Absentee Voting or Voting by Mail
Absentee voting or voting by mail exposes voters to the
threat that their votes may not be kept secret. Absentee voting systems must
ensure that only qualified voters and those who have not participated in the
regular election are the only absented ballots counted. These conditions over
time have lead to a system of absentee voting that associates each absentee
ballot to the voter, which could threaten ballot secrecy.

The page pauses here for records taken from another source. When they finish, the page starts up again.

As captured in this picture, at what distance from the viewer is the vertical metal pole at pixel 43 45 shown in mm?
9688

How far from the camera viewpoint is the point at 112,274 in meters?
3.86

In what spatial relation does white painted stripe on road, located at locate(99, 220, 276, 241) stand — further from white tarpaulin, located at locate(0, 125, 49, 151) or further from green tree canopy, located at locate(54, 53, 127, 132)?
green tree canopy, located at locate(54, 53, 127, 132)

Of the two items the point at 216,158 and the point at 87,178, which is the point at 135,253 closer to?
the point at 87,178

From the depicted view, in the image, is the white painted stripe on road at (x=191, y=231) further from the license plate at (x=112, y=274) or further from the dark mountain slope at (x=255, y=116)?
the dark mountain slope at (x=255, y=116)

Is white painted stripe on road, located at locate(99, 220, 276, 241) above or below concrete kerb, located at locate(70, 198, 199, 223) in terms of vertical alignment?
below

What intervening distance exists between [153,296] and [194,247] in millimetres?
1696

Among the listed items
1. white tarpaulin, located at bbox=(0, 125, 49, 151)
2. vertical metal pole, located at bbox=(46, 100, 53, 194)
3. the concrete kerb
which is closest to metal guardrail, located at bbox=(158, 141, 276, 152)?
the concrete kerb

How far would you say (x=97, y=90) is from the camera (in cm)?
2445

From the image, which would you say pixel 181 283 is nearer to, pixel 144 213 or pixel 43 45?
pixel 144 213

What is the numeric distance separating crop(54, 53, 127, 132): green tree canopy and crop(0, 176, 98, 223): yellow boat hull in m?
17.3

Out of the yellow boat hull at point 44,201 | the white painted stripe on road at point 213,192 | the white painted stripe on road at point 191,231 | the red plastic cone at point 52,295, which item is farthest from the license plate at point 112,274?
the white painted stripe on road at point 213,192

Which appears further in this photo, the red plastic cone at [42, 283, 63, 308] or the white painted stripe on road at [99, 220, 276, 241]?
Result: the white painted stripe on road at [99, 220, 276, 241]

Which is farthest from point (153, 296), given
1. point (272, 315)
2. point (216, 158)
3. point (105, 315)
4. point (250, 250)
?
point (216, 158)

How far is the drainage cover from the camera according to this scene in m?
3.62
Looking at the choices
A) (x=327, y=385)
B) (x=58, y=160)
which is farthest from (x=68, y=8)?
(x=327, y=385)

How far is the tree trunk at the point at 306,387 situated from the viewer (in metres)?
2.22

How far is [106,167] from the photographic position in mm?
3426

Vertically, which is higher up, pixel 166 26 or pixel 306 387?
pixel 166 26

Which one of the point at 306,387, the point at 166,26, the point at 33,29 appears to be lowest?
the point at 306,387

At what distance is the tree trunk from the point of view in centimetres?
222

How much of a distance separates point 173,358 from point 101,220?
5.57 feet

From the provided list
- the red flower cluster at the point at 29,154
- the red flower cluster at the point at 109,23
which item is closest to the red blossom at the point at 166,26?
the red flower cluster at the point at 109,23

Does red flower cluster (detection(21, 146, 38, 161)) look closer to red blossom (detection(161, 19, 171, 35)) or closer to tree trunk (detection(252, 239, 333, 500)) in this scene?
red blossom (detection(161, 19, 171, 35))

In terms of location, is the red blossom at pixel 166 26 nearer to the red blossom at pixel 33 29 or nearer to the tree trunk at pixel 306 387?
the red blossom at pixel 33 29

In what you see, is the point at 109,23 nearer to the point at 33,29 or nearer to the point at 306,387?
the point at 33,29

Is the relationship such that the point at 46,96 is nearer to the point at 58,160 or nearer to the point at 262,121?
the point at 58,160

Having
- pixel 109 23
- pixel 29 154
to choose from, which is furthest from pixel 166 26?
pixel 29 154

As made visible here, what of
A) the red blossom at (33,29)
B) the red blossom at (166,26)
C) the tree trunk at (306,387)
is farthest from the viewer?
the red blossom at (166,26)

Nanotechnology is an emerging science in which
developers create devices and systems that have novel properties and functions
because of their small size.
This new technology is believed to have the potential to fundamentally
transform the way in which common products are produced by manipulating their
component parts on the atomic level. This manipulation is hoped to result in
the manufacturing of products that are smaller, stronger, and lighter than
those available today.
Nanotechnology will likely raise new challenges
to the protection of individual privacy. As nanotechnology makes computing
devices smaller and more efficient, collecting, storing, sharing and processing
large amounts of information will become easier and cheaper. Nanotechnology has
the capability of dramatically expanding surveillance devices and producing new
weapons.
Nanotechnology is considered to be in its
"pre-competitive" stage, which the federal government defines as
having limited application for commercial use. However, the potential is great
for both commercial and non-commercial applications. For this reason, US
federal resources are being made available for work in on several key areas of
nanotechnology: biology, materials research, medical, and defense applications.